#### [Records provided]
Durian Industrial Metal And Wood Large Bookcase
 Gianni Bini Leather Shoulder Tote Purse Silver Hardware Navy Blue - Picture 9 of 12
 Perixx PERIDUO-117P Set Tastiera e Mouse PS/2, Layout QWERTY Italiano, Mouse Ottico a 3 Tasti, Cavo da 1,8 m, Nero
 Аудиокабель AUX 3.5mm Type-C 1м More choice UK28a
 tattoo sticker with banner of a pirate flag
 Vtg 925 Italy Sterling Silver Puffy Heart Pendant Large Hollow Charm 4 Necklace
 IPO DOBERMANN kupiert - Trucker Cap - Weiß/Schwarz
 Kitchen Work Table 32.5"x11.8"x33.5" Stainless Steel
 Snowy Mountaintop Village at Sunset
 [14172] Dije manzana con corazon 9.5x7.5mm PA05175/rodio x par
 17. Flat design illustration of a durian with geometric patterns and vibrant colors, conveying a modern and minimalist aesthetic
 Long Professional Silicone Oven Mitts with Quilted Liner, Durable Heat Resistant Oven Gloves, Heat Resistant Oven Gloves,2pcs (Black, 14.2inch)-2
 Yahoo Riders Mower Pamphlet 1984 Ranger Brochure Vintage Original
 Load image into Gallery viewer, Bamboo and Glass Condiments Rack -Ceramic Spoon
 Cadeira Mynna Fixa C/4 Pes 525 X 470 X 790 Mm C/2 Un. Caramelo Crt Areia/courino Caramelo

#### [What you should do]
Every line above from the line with "[14172] Dije manzana" to the line with "17. Flat design", inclusive, must be returned exactly; no other line belongs in the reply.

#### [Answer]
 [14172] Dije manzana con corazon 9.5x7.5mm PA05175/rodio x par
 17. Flat design illustration of a durian with geometric patterns and vibrant colors, conveying a modern and minimalist aesthetic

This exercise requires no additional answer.